The author – Alan Weisman doesn’t even entertain for a minute that there will be any surviving humans, and even if there were – it wouldn’t be anything like the BBC drama Survivors.

There are things out there that just can’t be controlled without the skilled people who work with them now.  Yes, the electricity and water stopped and the stores closed – but what about that nuclear reactor still burning away?  What about oil pumps sucking out millions of gallons or flammable and toxic oil above the surface?

And all the plastic we have ever made is still out there – it never goes away – it’s just getting smaller and smaller. So if it’s a bag for example floating in the sea, it get eaten by a turtle (aling with other plastics and so the turtle dies; however when the turtle has decomposed or been eaten, the bag becomes released again. Then the bag is in smaller bits floating on the sea so it gets eaten by and kills an albatros, who then dies – and then when they get eaten, the bag bits come out again, and gets smaller. Then it gets eaten again and again and again through the food chain – forever it would seem!
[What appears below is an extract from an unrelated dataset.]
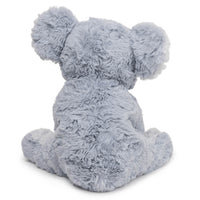 Gund Cozys Koala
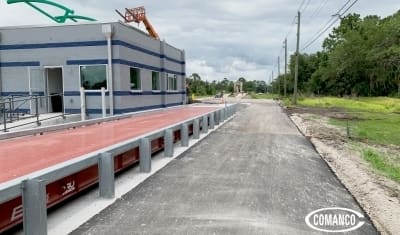 COMANCO-Seminole-County-Scalehouse-blog-5-400x235.jpg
He tells us that there are patches of woodland dotted around the world that are so old that they defies everything we now know about woodland management. 

One on the Polish-Belarus border hasn’t been affected by humans since the dawn of time – literally.  It is called the Bialowieza Puszcza and means ‘forest primeval’.  There are a whole host of ancient – and giant – species of trees a whole host of rare and unusual native European mammals including the lynx, wolf, bear and even the wisent – a European bison!

There is also an ancient forest right in the heart of the Bronx, New York.  There is a patch of historic woodland that was there when the first Europeans came over to the state – and there is stays!  The rest of New York has been deforested and flattened while this pocket of history goes on!

Result: 4/5
It’s a really good place to start if you are trying to think of a reason to reduce your waste (big section on plastics), change your habits (farming and food waste) and cut your energy uses (power sources).

Basically, it can make you think hard and fast about what we are doing to the very planet we depend on, whether we are here or not!

After reading this book, you need to look at the trail of every item you hold in your hand that day, whether it’s food, an electrical item or clothing and ask yourself the following questions:

  • Where was it from, and what did it take to make it and get it here?
  • What does it actually do to improve your life (if at all) and why do I need this exact thing over the alternatives?
  • And, where does it go after it leaves my hand?  And is that a good place????????

So, go out to the book store or library at read this book!